E após uma semana sentindo o mesmo aroma primaveril e dormindo umas cinco horas por dia — o que já era maravilhoso, já que não tinha mais o sono interrompido —, que Chanyeol pensava seriamente na possibilidade de ser aquele cheiro doce que o ajudava a relaxar pela noite.
Ainda durante aquela semana, Chanyeol tomou a decisão de pedir um pouco de dinheiro emprestado aos seus pais. Não conseguia mais viver a base de porcarias e, ainda por cima, seu remédio para insônia estava acabando. Não queria ter que fazer aquilo, mas a falta de renda estava quase o matando, prometeu a eles devolver cada centavo do que havia pegado.
Estava levando as sacolas de lixo até a lixeira coletiva do prédio. A máscara já estava começando a incomodar, já que agora era o calor que dominava a capital e, com o clima cada vez mais abafado, usar aquilo estava o deixando com dor de cabeça.
O elevador parou no andar de baixo, onde o mesmo homem mais baixo que si entrou, esboçando um sorriso no rosto — ou era o que parecia já que ele estava usando máscara — e o cumprimentando gentilmente.

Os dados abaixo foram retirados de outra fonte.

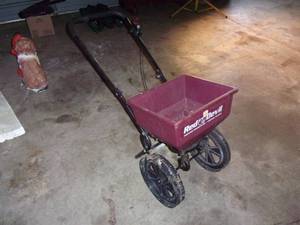 lot 18 image: Red Devil Fertilizer Spreader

Chanyeol lembrava-se vagamente do rosto dele, era bonito, muito bonito para falar a verdade, sempre gentil, achava ele uma boa pessoa, custava dizer que talvez sentisse certa atração pelo seu vizinho de baixo, mas ignorava esse detalhe muito bem.
Naquele dia o elevador parecia mais lento, como se demorasse mais a descer. Foi quando, em algum momento onde o mais baixo se aproximou um pouco mais de si para apertar o botão da portaria, que o Park sentiu um cheiro doce, floral, primaveril, que o lembrava o grande campo de flores roxas na fazenda de sua avó.
No momento em que Chanyeol finalmente assimilou que o rapaz tinha o mesmo cheiro que estava o acalmando e o ajudando a dormir durante a noite, a porta pesada do elevador se abriu, o vizinho despediu-se de si e o Park nem respondeu, atônito demais.
Ao chegar em seu apartamento, o rapaz mais alto discou o número de Sehun, ainda muito pensativo sobre tudo que acabara de acontecer. Quando a chamada foi atendida, Chanyeol mal deixou Sehun falar.
— Preciso de seus dons de detetive urgentemente.